El nivel de los debates políticos que se producen en nuestra comunidad habla bien a las claras del de sus representantes de la voluntad popular, verdaderos palmeros de su respectivo jefe de turno.
Éstos han decidido que, cada cuatro años, debemos someternos a la tortura de asistir al espectáculo de la ciudad sin nombre, cosa única entre los casi dos millones de urbes del mundo. La discusión gira entorno a cómo carajo se llama la cosa ésta en la que vivimos.
Y es que el sol mediterráneo y el exceso de pensamiento nos invita a discutir cuestiones que resultarían inverosímiles en otras latitudes.
Porque, a ver, ¿a alguien le importa realmente cómo se denomine oficialmente la ciudad? ¿Cambiará usted la manera de referirse a ella porque el Parlament o el ayuntamiento en pleno acuerden tal o cual cosa? Como mucho, ese dato le interesa al rotulista y al impresor de la papelería municipal. Y, sin embargo, los partidarios de cada opción nos hacen creer que semejante chorrada tiene una grandísima repercusión en la vida de los ciudadanos. Resulta prodigioso.
Palma es Palma desde el 123 a.C., con el sustancial paréntesis del período de dominación musulmana y desde la conquista catalanoaragonesa hasta 1715, fecha en que se recuperó la denominación romana.
Los moros llamaron Madina Mayurqa –ciudad de Mallorca- a esta plaza militar del Mediterráneo occidental, y los catalanes se limitaron a traducir a su lengua este nombre. Durante más de ochocientos años, pues, Palma fue la ciudad de Mallorca, y aún hoy, aunque va cayendo lamentablemente en desuso, muchos mallorquines de la Part Forana y una minoría de palmesanos se refieren a la capital como Ciutat, a secas. A nadie en su sano juicio se le ocurre decir –vaig a Ciutat de Mallorca, salvo que esté, obviamente, fuera de la isla.
Para complicarlo más, el término genérico Palma tiene también distintas acepciones, al menos para quienes contamos cierta edad y no vivíamos hace cuarenta o cincuenta años dentro del antiguo recinto amurallado. De niño, mi madre me agarraba del brazo y me decía cosas como -anem a Palma a comprar unes sabates. Y no se crean que caminásemos mucho, quizás diez minutos, pues íbamos desde casa a ‘Tolete’, la zapatería infantil que había en Jaime III y que contaba en los años sesenta con adelantos tales como los rayos X para ajustar la talla del calzado a los chavales de la época. Nosotros vivíamos en Santa Catalina y, para los catalineros que me precedieron, y también para los de mi generación, Palma era lo que había más allá del puente de Sa Riera.

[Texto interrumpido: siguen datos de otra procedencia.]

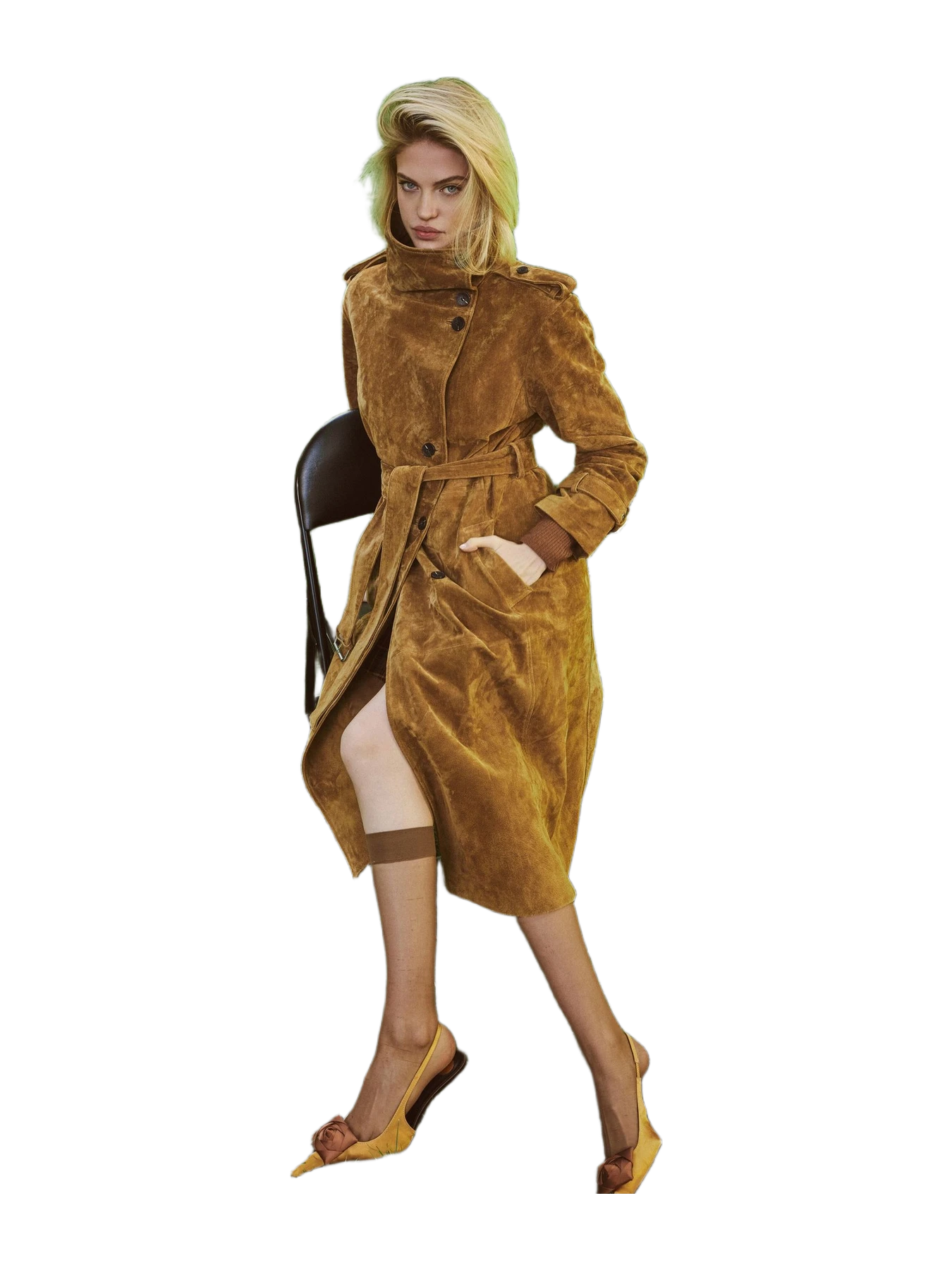Avec Les Filles Genuine Suede Belted Trench Coat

Hoy, seguro que mis hijos me mirarían alucinados si yo les dijera algo parecido, aunque de hecho vivamos mucho más lejos del centro de Ciutat que entonces.

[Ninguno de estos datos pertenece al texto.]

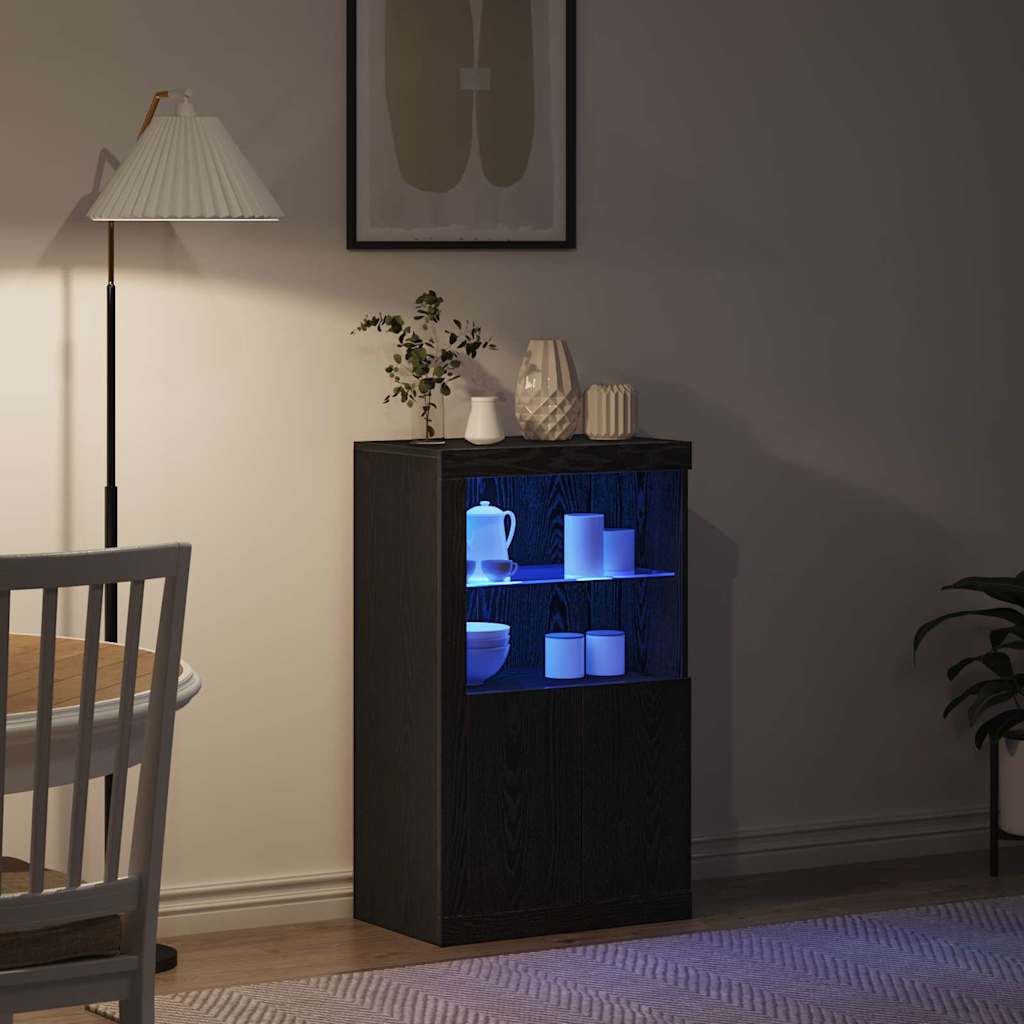 vidaXL Βοηθητικό ντουλάπι Μαύρη δρυς 60.5 x 37 x 100 εκ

Actualmente, no obstante, todavía los habitantes de los pueblos del municipio llaman Palma exclusivamente a la urbe, no se les ocurre decir que son palmesanos de Sant Jordi, de Establiments o de Sa Casa Blanca.
Hacer cuestión de alta política de la denominación oficial –que no tiene por qué coincidir con la popular- de la ciudad es, por tanto, absurdo.
El añadido “de Mallorca” tras Palma es, con toda probabilidad, de origen palmentero, es decir, creación de los servicios de correos a ambos lados del charco, cansados de que las cartas viajasen de un archipiélago a otro con excesiva frecuencia.
Y, aunque siempre me refiero a mi ciudad como Palma o Ciutat, tampoco me molesta en absoluto añadir “de Mallorca” cuando mi interlocutor es foráneo y necesita esa información adicional, o cuando quiero asegurar que el envío del producto que acabo de adquirir en la red me llegue puntual y no acabe en la Palma del Condado, en Palma del Río o en la isla de La Palma, aunque lo cierto es que la universalización del código postal numérico ha liquidado en gran medida esa conveniencia. Para Correos, ya ni siquiera somos Palma de Mallorca, hoy sólo somos 070.
En su día, alguien tan poco sospechoso de contaminación política como la profesora Aina Moll ya aclaró que le parecía indiferente que el nombre oficial fuera Palma o Palma de Mallorca, puesto que ambos habían sido de uso corriente y definían perfectamente el objeto. Hacer política con esto es, pues, una gilipollez supina y bueno sería que los palmeros de cada partido se pusieran de acuerdo de una vez en el nombre de la ciudad de los palmesanos.
Quizás el único debate respecto a esta cansina cuestión que merecería la pena tener y que hace cuarenta años que se obvia es el de por qué, al contrario de lo que hicieron las capitales vascas, aquí no hemos conservado con carácter cooficial la denominación histórica en catalán, Ciutat de Mallorca. Pero les aseguro que tampoco voy a dejar de dormir por eso.